-- PROBLEM DETAILS --
Return, from the listing below, each line where the word "vanity" appears.

-- DATA --

——

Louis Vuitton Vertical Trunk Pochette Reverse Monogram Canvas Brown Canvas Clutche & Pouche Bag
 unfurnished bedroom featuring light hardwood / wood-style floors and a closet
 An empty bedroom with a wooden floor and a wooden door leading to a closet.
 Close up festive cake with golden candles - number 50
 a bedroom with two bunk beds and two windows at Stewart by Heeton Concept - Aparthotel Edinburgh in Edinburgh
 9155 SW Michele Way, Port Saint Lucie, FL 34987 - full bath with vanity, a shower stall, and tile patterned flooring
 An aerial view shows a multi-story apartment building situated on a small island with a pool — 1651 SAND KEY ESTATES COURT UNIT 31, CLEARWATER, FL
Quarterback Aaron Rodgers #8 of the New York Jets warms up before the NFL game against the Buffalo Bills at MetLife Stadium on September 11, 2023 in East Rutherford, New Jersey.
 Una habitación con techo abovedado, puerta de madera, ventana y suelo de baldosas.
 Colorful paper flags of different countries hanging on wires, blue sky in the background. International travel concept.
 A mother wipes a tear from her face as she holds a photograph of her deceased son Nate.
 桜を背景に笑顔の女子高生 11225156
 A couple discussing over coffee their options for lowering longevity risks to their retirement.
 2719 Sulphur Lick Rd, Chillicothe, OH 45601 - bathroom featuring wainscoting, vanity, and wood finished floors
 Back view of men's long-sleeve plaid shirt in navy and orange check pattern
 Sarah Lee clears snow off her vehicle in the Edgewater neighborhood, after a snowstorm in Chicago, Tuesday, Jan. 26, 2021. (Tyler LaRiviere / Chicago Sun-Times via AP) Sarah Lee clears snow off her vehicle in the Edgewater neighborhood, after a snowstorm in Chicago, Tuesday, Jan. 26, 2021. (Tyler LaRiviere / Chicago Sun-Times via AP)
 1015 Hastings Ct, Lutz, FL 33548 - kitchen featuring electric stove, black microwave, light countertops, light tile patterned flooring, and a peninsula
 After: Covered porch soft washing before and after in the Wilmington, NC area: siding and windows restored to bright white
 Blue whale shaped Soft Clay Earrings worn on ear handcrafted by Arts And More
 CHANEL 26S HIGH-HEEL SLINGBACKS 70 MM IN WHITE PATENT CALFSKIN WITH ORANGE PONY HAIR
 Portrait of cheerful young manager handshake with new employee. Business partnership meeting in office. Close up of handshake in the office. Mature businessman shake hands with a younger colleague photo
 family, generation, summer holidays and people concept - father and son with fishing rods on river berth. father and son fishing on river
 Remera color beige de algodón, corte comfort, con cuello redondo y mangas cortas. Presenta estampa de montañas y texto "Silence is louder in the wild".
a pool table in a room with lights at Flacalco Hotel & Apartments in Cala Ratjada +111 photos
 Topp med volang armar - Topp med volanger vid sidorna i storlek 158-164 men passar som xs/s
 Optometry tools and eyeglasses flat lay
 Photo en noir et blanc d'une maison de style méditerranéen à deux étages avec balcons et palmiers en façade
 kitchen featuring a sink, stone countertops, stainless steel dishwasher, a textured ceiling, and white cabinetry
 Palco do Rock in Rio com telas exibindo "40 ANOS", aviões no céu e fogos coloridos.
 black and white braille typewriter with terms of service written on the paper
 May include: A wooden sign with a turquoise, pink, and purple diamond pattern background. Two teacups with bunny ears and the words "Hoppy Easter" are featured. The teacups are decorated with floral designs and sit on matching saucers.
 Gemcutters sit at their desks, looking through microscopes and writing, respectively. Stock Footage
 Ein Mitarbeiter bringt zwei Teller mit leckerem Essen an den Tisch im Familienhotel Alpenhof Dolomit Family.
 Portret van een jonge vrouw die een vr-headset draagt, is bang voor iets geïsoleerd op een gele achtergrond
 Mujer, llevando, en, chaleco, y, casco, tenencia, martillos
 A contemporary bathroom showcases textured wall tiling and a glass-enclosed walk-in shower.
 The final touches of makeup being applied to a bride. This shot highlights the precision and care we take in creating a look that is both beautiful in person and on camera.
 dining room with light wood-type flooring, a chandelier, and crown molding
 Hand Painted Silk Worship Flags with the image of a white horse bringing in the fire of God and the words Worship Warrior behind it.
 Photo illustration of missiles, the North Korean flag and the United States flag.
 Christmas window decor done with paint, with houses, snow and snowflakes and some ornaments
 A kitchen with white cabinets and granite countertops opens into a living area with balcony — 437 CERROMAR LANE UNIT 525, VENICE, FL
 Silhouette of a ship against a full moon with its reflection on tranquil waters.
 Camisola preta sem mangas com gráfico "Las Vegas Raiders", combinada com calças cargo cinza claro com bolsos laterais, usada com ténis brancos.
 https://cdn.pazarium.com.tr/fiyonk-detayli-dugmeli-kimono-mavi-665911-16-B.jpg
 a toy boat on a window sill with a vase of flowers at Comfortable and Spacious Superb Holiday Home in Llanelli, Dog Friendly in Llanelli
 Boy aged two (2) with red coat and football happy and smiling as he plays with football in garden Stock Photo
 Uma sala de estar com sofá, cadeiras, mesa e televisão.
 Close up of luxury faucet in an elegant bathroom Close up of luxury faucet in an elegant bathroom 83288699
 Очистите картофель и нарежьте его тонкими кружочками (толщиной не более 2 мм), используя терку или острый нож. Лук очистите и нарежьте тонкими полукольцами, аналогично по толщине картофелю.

——

-- SOLUTION FOR THIS TASK --
 9155 SW Michele Way, Port Saint Lucie, FL 34987 - full bath with vanity, a shower stall, and tile patterned flooring
 2719 Sulphur Lick Rd, Chillicothe, OH 45601 - bathroom featuring wainscoting, vanity, and wood finished floors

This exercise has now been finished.